**To do:**
Go to the line holding "Common Core Leadership" in the entries below and write out exactly every line down to and including the line holding "凯文·杜兰特的奋斗精神激励年轻人不断追求卓越和梦想".

**Records for the exercise:**
▼

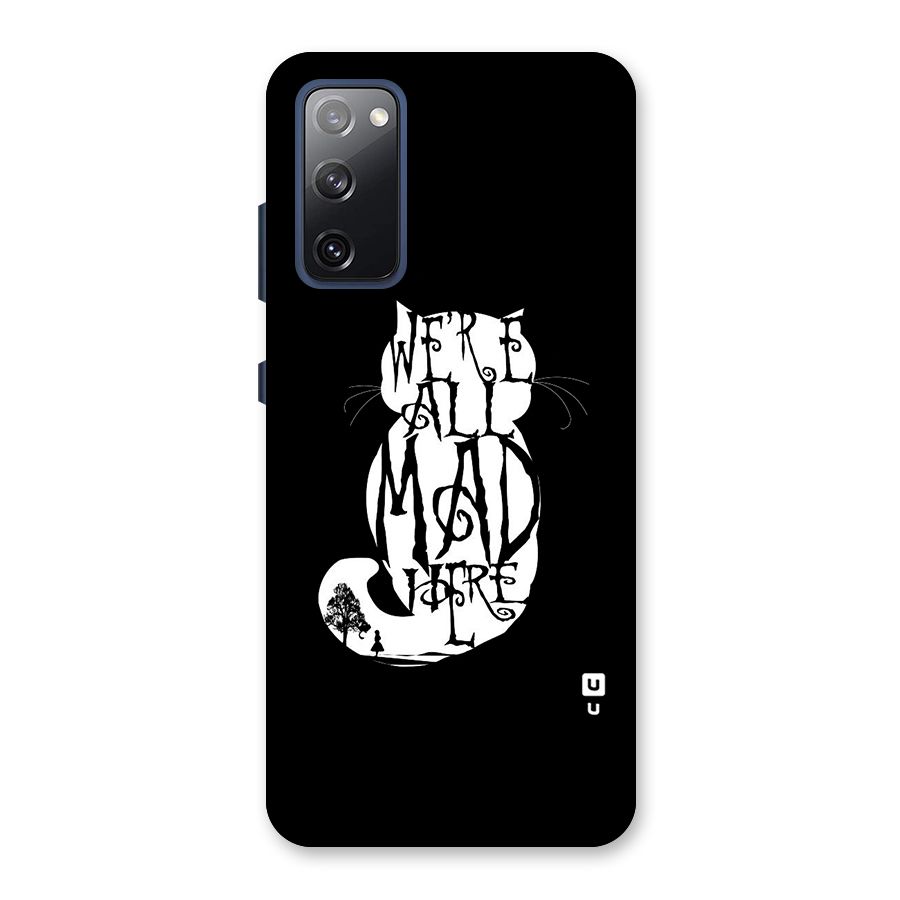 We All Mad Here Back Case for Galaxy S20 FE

▲
▼

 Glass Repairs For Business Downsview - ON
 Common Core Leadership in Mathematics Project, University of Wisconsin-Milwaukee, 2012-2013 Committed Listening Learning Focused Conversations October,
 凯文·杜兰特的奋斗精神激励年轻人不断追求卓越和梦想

▲

**Exercise solution:**
 Common Core Leadership in Mathematics Project, University of Wisconsin-Milwaukee, 2012-2013 Committed Listening Learning Focused Conversations October,
 凯文·杜兰特的奋斗精神激励年轻人不断追求卓越和梦想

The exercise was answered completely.